Number 429, May 20, 1999 by Phillip F. Schewe and Ben Stein

THE BIGGEST LAVA OUTPOURING in history probably took place about 200 million years ago. A team of geophysicists has just put together the final jigsaw piece in a puzzle relating separated basaltic layers in spots as far flung as the Hudson River Palisades, Brazil, Europe, and Africa. What started out as an Australia-sized blacktop in the heart of the ancient super-continent Pangea was later torn asunder by the tectonic forces, which carried the fragments to places all around the Atlantic rim, making discovery difficult until now. The immense flow, now referred to as the Central Atlantic Magmatic Province, might have played a part in the mass extinctions occurring at the boundary between the Triassic and Jurassic eras. (Marzoli et al., Science, 23 April 1999).

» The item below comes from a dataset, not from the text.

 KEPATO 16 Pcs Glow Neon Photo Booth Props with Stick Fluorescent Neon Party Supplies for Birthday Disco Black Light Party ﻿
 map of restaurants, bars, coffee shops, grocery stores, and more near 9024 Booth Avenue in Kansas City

RYDBERG SCULPTING is a new technique for placing an atom (a highly excited, or "Rydberg," atom) in many energy states simultaneously. Applications could include improved designs for quantum computers, which presently call for collections of rudimentary 2-level quantum systems, similar to the 2-state (0 and 1) classical binary computers used today. But how would an atom be in, say, 10 energy states at one time? By being struck by laser pulses of very short duration. Such a pulse is itself really a superposition of coherent light waves at many different energies. This multi-personality existence is transferred to the atom when it absorbs the laser pulse. In Philip Bucksbaum's lab at the University of Michigan (734-764-4348), actively shaped ultrashort light pulses hit atoms in a beam. This creates within the atom what Bucksbaum calls "wave packet sculpting," a bundle of electron waves dancing in a complex pattern as they go around the nucleus, at times interfering with each other. This interference can already be controlled so carefully that it can be used to store several bits of information. More complex versions will allow the type of factoring or searching exercises (e.g., hunting for a pea hidden under one of several cups) used in quantum computations. Bucksbaum estimates that a number as large as 2¹⁰ could be factored by setting a single atom to work. Factoring larger numbers would require additional atoms. (Paper QTHA1, May 27, at the Conference on Lasers and Electro-Optics (CLEO) meeting in Baltimore. View movie at Physics News Graphics; also see Physical Review Focus, 22 June 1998.)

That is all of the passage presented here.